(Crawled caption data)

------

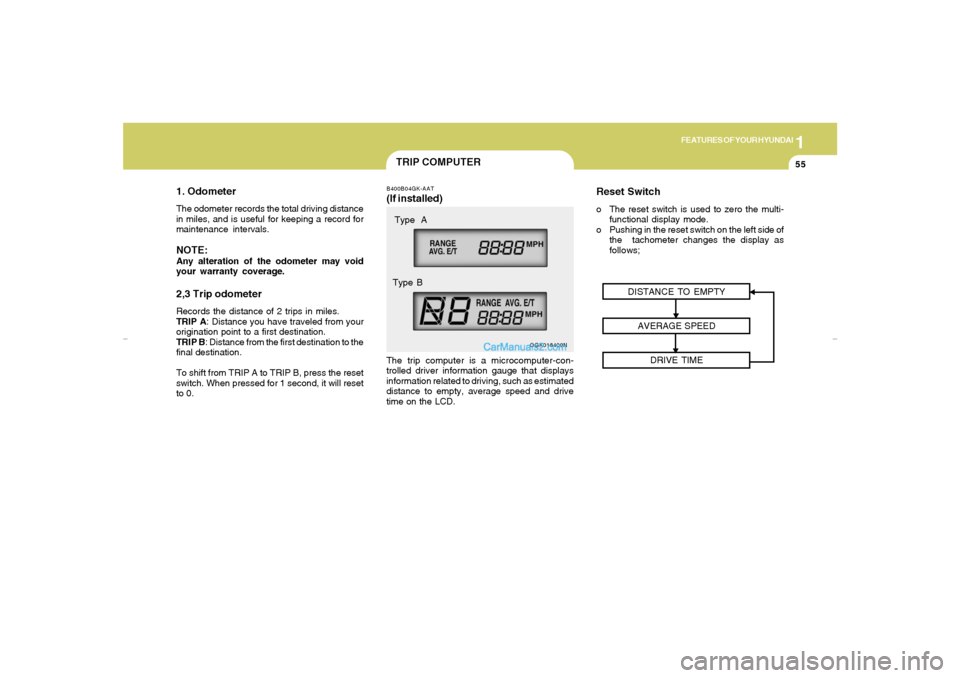 Hyundai Tiburon 2007 Repair Manual 1
FEATURES OF YOUR HYUNDAI
55
1. OdometerThe odometer records the total driving distance
in miles, and is useful for keeping a record for
maintenance intervals.NOTE:Any alteration of the odometer may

------

Print the data once more without any change, skipping each picture.

Your response →
 Hyundai Tiburon 2007 Repair Manual 1
FEATURES OF YOUR HYUNDAI
55
1. OdometerThe odometer records the total driving distance
in miles, and is useful for keeping a record for
maintenance intervals.NOTE:Any alteration of the odometer may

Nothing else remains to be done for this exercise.